The program, active now in North America and Europe, speeds up the prototype cycle for EV OEMs, enabling them to perform more tests and to test products more quickly, reducing the time-to-market for new innovations.
“The problem is the lead time of both the connector components and the high-voltage cable,” explained Osorio. By stocking EV/HEV connector components and partnering with an assembly house, the distributor aims to eliminate the long lead times and provide next-day delivery.
EV connectors are typically sealed to IP67 or higher, rated for up to 1,000+V and up to 350A, and well suited for use in various commercial vehicle, automotive, and transportation designs.
EV Connector Design
Connector design is evolving with the industry. “For us, it is finding the right weight and cost for the reliability,” said Takaneva. “It is better to have one solution that meets different temperature ranges rather than supply different products to different regions.” To save weight, metal is being replaced with plastics, although these products might not be so robust, he warned.

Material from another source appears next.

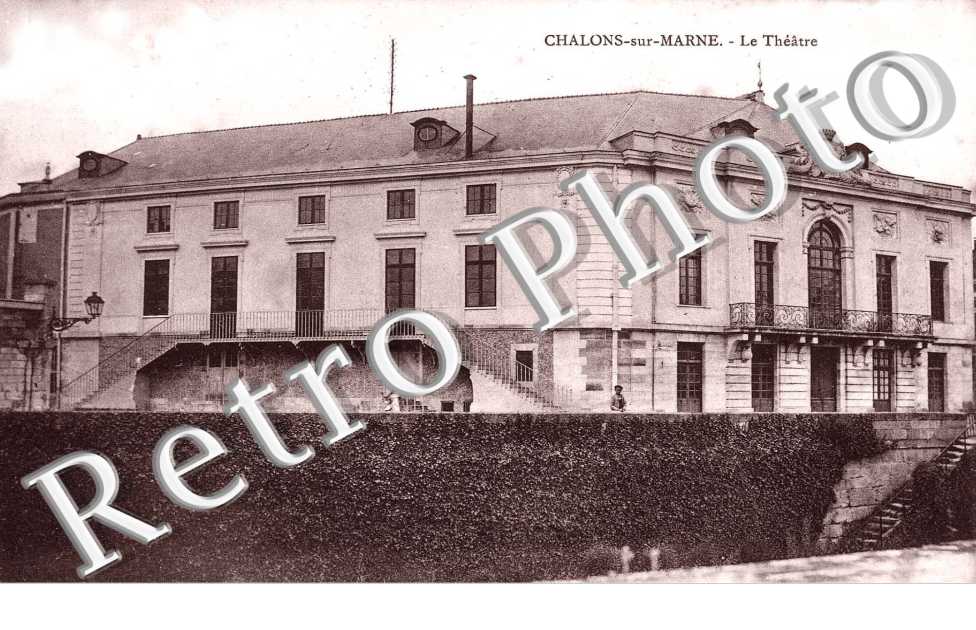LE THEATRE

“There are certain functional requirements, like the number of mating cycles and drop-and- impact durability, as well as resilience under environmental conditions, such as temperature and humidity,” that must be met, said Takaneva. Lighter, more robust connectors, or those with isolated contacts, minimize risk.
EV Charging Connectors
“JAE is developing new connector and harness products for both electric vehicles and for the charging infrastructure. We are not only improving the electrical characteristics, but also improving the usability and reliability,” said Takaneva. For example, lighter and more weatherproof connectors can be employed for charging in rainy conditions or in the extreme cold.
“The power rating of the charging is dependent on the temperature,” he explained. “The capacities might be different at -40°C than when it is really hot, where there might be some overheating issues for the vehicle. It is usually harsh conditions, say water or snow, that cause more trouble.”
At the Electric Vehicle Symposium (EVS 32) in Lyon, France, JAE introduced the KW04 quick-charging connector to address charging station reliability. It has a very robust structure to withstand drop impact damage. “It is rethinking the connector concept. Contacts have been double-insulated so even if the outer cover has cracks or holes, it is still fully functional, because the inside is fully waterproof,” said Takaneva. The material is robust to protect against rain, sun, UV radiation, and impact.
There are still some obstacles preventing a clear run for the mass adoption of electric vehicles but the industry is working towards volume quantities and new connector solutions aimed at making EVs more affordable, practical, reliable and — ultimately — ubiquitous.